The format of the breakpoint output file in event of Deletions is as follows: X Copy Deletion BP [A – B]: Ratio where X = 0.5 for mono-allelic deletion and 1 for full deletion; A = chromosomal breakpoint boundary start B = chromosomal breakpoint boundary end Ratio = ratio of anomalous reads between the boundary end and start. for e.g. 0.5 Copy Deletion BP [1911585 - 1911586]: 0.5 0.5 Copy Deletion BP [17805677 - 17805678]: 0.5 0.5 Copy Deletion BP [23407061 - 23407062]: 0.5 0.5 Copy Deletion BP [25721107 - 25721108]: 0.5 0.5 Copy Deletion BP [48806393 - 48806394]: 0.419753086419753 0.5 Copy Deletion BP [50302395 - 50302396]: 0.5 0.5 Copy Deletion BP [50613002 - 50613003]: 0.5 0.5 Copy Deletion BP [50636994 - 50636995]: 0.5 0.5 Copy Deletion BP [50646758 - 50646759]: 0.5 0.5 Copy Deletion BP [50651120 - 50651121]: 0.428571428571429
The format of the breakpoint output file in event of Insertions is as follows: X Copy Insertion BP [A – B]: Ratio where X = 0.5 for mono-allelic insertion, 1 for 1 copy insertion, ... A = chromosomal breakpoint boundary start B = chromosomal breakpoint boundary end Ratio = ratio of anomalous reads between the boundary end and start.
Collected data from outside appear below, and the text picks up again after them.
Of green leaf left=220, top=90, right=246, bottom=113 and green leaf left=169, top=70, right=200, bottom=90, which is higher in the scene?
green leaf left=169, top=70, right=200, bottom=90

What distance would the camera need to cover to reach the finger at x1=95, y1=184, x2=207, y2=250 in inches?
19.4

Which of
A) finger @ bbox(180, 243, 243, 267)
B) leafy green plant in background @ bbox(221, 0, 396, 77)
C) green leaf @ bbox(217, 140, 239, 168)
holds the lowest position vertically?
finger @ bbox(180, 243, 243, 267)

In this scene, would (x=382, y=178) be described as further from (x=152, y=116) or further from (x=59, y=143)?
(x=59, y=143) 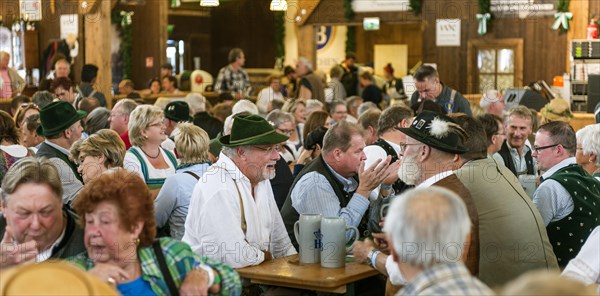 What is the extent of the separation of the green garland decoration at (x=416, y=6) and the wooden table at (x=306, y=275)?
465 inches

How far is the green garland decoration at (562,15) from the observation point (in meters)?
14.7

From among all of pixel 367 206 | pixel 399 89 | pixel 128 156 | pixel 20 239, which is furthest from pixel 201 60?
pixel 20 239

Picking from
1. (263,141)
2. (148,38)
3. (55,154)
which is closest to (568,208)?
(263,141)

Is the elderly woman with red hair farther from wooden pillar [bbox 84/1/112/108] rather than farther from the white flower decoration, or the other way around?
wooden pillar [bbox 84/1/112/108]

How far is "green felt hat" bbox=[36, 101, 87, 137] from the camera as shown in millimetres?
5984

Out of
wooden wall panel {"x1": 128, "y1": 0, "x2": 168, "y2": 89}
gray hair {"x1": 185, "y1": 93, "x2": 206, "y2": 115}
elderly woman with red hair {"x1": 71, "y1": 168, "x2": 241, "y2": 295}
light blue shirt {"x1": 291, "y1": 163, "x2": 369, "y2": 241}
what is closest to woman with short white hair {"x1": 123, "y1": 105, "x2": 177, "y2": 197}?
light blue shirt {"x1": 291, "y1": 163, "x2": 369, "y2": 241}

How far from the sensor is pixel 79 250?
12.1 ft

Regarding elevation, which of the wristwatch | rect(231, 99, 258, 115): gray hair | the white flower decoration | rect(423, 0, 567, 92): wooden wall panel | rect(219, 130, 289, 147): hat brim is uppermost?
rect(423, 0, 567, 92): wooden wall panel

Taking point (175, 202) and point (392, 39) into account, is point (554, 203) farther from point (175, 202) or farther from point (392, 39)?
point (392, 39)

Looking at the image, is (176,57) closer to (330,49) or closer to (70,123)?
(330,49)

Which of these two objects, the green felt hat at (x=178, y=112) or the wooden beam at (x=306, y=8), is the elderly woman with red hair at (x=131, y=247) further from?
the wooden beam at (x=306, y=8)

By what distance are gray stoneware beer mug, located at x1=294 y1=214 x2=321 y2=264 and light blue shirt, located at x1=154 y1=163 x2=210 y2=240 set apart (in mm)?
1094

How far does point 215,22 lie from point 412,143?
17.4 m

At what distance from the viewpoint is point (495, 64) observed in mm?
15766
The module can currently detect insertions upto 4 copies. for e.g. 3 Copy Insertion BP [54640 - 54641]: 4 3 Copy Insertion BP [55568 - 55569]: 4 0.5 Copy Insertion BP [58387 - 58388]: 1.5 1 Copy Insertion BP [59126 - 59127]: 2 1 Copy Insertion BP [61540 - 61541]: 2 0.5 Copy Insertion BP [61541 - 61542]: 1.5 1 Copy Insertion BP [62027 - 62028]: 2 2 Copy Insertion BP [62556 - 62557]: 3 1 Copy Insertion BP [64318 - 64319]: 2 1 Copy Insertion BP [65462 - 65463]: 2
Correction of COPS detected SCNA boundaries: The SCNA boundaries detected using COPS are mapped against the Insertion and Deletion category breakpoints. In regions of proximity within 1kb to the breakpoints, the COPS SCNA boundaries are corrected to reflect the breakpoint boundaries. Such COPS SCNAs with corrected breakpoints are reported in a file, 'Test.Specific.BPS.COPS.map', within the /COPS_output sub-directory.